Please give the count of lines below that include "Double" and leave out everything else.
▬▬▬
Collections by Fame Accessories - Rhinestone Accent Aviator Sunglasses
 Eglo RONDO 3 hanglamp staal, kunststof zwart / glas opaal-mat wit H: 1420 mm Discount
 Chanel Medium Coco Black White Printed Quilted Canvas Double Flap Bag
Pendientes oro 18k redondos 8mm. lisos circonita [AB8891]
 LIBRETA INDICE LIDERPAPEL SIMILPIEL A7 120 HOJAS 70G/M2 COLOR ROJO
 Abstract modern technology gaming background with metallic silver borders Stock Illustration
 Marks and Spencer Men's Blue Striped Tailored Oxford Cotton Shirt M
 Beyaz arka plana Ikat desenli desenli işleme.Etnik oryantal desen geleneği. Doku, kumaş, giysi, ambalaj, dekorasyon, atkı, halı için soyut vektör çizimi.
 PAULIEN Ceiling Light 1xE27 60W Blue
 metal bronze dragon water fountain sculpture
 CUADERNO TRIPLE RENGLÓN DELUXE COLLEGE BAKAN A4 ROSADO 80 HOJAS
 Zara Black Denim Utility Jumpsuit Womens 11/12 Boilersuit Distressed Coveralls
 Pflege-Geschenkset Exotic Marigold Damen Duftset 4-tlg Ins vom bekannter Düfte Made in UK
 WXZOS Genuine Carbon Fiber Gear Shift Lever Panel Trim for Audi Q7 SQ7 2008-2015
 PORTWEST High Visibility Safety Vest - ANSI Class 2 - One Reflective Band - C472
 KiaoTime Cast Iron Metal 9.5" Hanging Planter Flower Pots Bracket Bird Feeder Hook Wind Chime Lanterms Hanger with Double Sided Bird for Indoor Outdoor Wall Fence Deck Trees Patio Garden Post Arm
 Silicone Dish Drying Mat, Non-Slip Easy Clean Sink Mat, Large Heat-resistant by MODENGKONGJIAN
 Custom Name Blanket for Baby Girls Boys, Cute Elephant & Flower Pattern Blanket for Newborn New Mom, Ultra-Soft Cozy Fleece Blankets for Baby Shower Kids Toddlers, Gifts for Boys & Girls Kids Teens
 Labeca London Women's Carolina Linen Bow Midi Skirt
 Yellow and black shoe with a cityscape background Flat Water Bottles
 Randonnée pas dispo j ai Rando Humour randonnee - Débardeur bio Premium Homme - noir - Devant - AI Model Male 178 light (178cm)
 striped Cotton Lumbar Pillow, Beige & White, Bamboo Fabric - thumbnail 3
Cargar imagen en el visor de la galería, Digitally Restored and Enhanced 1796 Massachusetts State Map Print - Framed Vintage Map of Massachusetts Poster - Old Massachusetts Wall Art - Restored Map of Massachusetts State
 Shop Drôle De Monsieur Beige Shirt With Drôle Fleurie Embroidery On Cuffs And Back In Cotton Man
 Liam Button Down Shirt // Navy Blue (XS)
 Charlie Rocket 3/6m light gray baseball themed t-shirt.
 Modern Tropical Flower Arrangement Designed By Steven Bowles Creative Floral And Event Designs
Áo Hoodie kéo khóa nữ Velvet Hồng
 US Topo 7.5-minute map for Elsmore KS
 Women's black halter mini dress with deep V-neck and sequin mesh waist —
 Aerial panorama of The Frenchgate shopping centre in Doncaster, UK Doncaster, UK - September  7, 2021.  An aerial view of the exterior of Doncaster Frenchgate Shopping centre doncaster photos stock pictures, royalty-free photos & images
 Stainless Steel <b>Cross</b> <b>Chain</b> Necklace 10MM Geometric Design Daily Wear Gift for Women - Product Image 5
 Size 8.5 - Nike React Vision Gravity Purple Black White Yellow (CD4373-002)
▬▬▬
• [Result for this exercise]: 2